Winter Springs Resident,
Please find the following important update on Winter Springs water and supporting documentation provided by the Winter Springs Community Association:
Supporting Documentation:
Water Consumptive Use Permit (CUP) Violations
Prior to the emergency water shortages in Winter Springs last May, the Winter Springs Community Association (WSCA) made public records request and discovered the City of Winter Springs had not complied with the St. John’s Water Management requirement to develop alternative water sources to meet future demands (Central Florida Water Initiative). The City was found to be in violation of the St. John’s Consumptive Use Permit and is now drawing more water than we are legally allowed to draw. According to official testimony from the City’s former Director of Public Works, as recently as 2017 the City was drawing 300 million gallons LESS than its legal limit and funded projects to meet future needs:
- Between 2015 and 2017 the City of Winter Springs funded a project to add reclaimed irrigation lines throughout the City to reduce potable water consumption. The City also funded a reclaimed water plant to supply water to these lines, a plant which was working as recently as 2017.
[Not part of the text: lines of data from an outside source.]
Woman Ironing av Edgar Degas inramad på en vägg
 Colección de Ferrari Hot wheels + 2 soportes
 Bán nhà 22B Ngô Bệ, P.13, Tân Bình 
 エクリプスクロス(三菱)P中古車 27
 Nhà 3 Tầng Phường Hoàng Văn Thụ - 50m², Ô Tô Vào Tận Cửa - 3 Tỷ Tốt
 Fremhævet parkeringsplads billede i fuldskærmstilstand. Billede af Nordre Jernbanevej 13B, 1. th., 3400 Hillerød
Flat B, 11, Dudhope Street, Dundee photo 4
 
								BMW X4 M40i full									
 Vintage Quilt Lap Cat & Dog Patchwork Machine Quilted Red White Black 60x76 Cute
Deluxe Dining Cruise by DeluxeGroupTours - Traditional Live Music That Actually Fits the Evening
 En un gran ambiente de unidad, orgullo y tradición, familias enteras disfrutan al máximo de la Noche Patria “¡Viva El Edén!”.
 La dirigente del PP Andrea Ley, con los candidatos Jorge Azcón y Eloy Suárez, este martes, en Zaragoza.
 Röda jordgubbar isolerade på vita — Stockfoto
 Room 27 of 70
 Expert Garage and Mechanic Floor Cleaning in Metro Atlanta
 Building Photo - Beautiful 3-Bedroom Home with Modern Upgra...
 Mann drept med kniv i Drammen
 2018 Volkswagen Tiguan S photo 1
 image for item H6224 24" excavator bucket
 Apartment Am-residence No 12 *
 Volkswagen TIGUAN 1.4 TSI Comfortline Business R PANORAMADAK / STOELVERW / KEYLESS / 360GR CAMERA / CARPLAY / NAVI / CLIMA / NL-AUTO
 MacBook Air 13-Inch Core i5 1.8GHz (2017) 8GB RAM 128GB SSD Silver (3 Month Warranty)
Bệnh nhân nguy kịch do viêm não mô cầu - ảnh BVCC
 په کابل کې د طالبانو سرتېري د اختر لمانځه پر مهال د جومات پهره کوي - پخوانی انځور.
- The City has not installed the previously funded reclaimed irrigation lines, which means new neighborhoods are water lawns using potable water, placing Winter Springs in violation of our CUP and creating last year’s emergency water shortage.
- In 2007 the City of Winter Springs Obtained a Consumptive Use Permit for more than one million gallons per day of clean, potable drinking water from the Parkstone subdivision. However, the City has not followed through on its permit and for the last 15 years the water has been discharged into polluted Lake Jessup.